6 thoughts on “Silencing, librarianship, and gender: who can break The Rules?

  1. Chris Bourg

    I can’t speak for all of Taiga, but I will say that this is a tough one. Especially because The Rules are unwritten, which makes them all the more susceptible to being weilded selectively — which generally means weilded in ways that disproportionally silence those in the already disempowered groups you list (noting of course, that many of us fall into multiple groups simultaneously – some privileged, others not).

    As far as I know, the best solution that social scientists have come up with to counter this kind of bias is actually to formalize the rules, make them explicit, and make everyone play by them equally. The rules must be gender, race, etc. neutral, of course. So, for example, a dress code might call for shirt & tie, or dress/skirt & blouse; without regard to the gender of the shirt & tie or dress/skirt & blouse wearer. Note that I don’t think that making The Rules explicit has to be in contradiction to your call for relaxing them, which I likewise support.

    Formal rules alone won’t keep some of those in power from expressing their biases & prejudices in words or actions, but neutral formal rules at least provide some recourse. If professional attire is defined as above, no matter how uptight the boss is, she can’t formally punish the skirt-wearing male librarian for unprofessional attire.

    At the individual level, I think those of us in leadership positions need thick skins, lots of tolerance, courage, and patience. We need to be willing to defend the actions, statements, self-presentation, etc. of all in the profession. More than reactively defending those who speak out, I think we need to vouch proactively for those in the profession who are speaking out and I think we need to do it publicly. I would like to see my colleagues who tell me privately that they think it is great that others are speaking out say so more publicly. I especially think it is important to vouch for those voices that are different from our own — in content, perspective, opinion, experience, social and professional status, etc. Personally, those are the people I learn the most from.

  2. Chris Bourg

    Let me also add that I think 12-step programs are on to something with the claim that acknowledging the problem is a necessary 1st step.

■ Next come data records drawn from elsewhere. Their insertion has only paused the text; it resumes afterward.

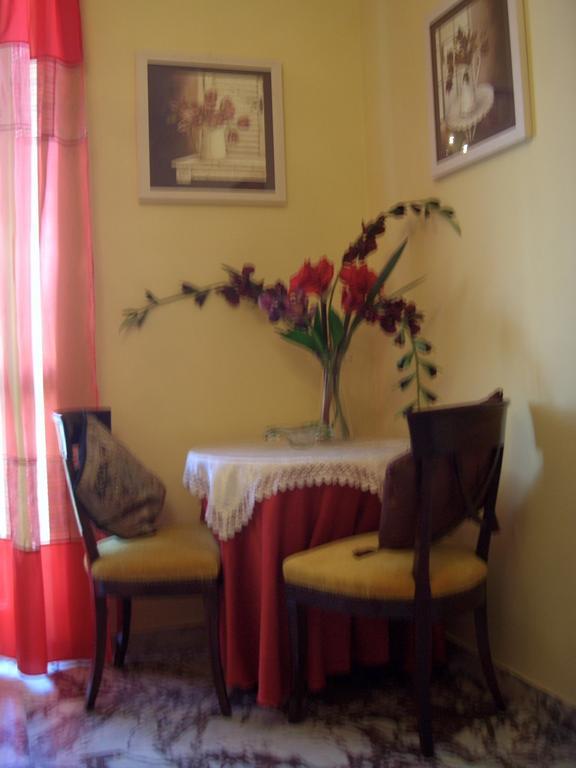 A Testaccio Da Max โรม ภายนอก รูปภาพ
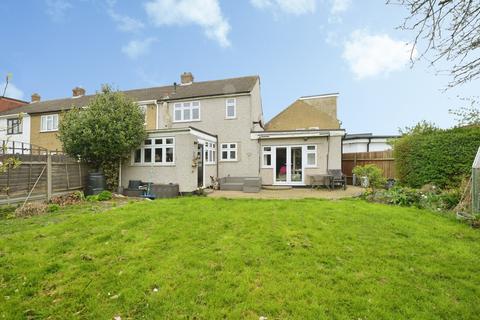 Peartree Gardens, Romford, RM7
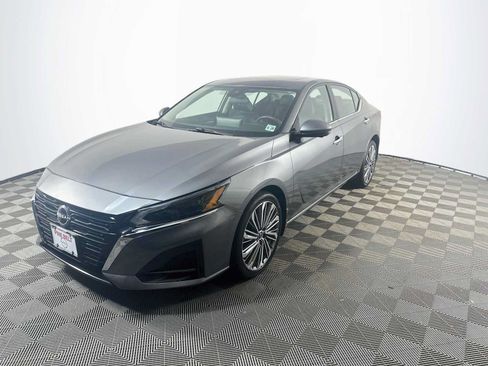Used 2023 Nissan Altima 2.5 SL AWD/4WD image 1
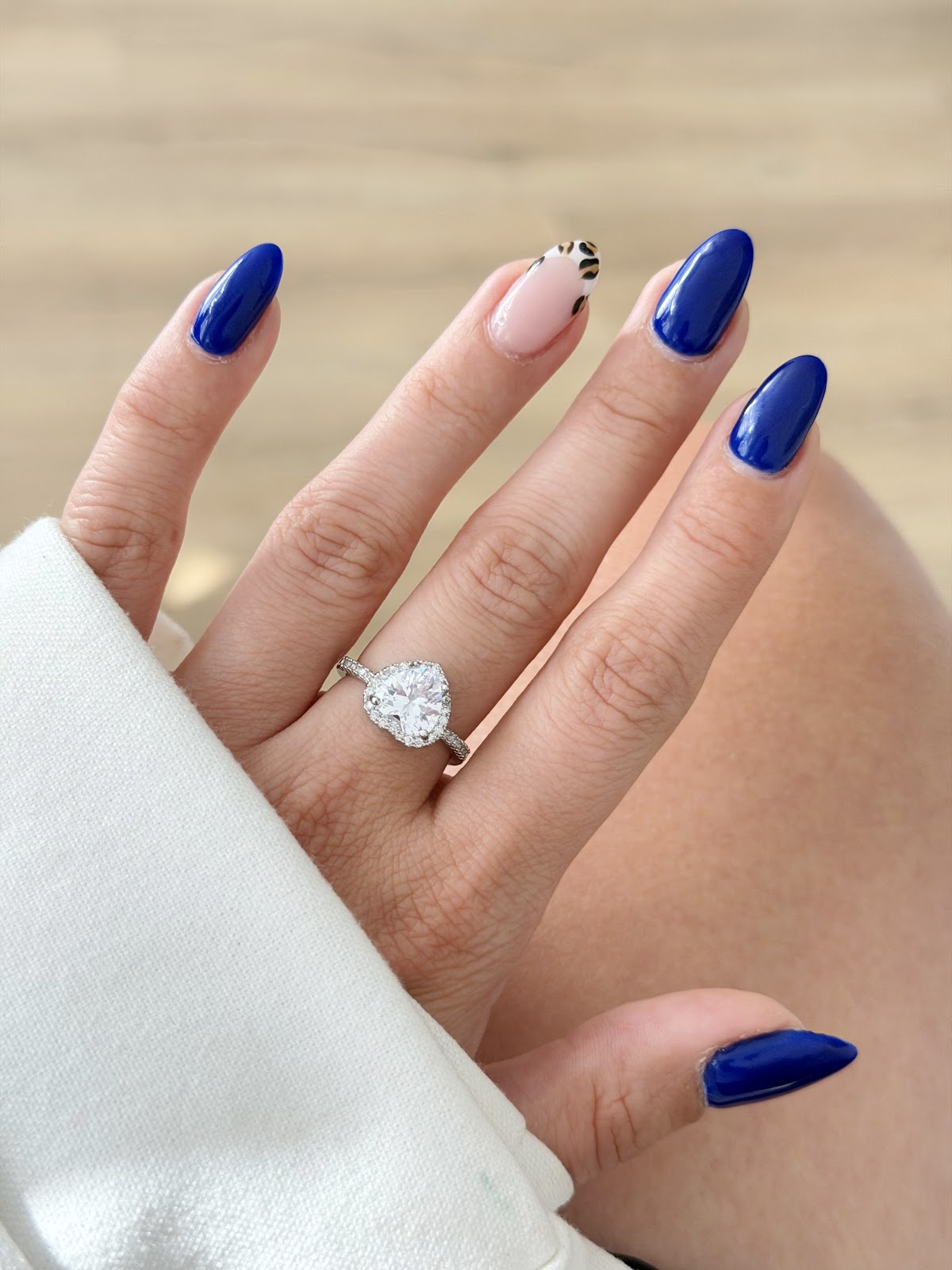 Silver Heart Cut CZ Halo Engagement Ring - CW1RING00139 | Wholesale Stainless Steel Jewelry Catwalk Jewellery Europe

    I think/hope that simply having these conversations (here and importantly on the Taiga blog) forces leaders to acknowledge the problem, and may even cause individuals to think twice before saying/doing something that would have a silencing effect.

    1. Library Loon Post author

      Thank you so much! This is an amazing gift of time and effort. The Loon will edit her post to add this link to it, for the benefit of those who read via RSS feeds.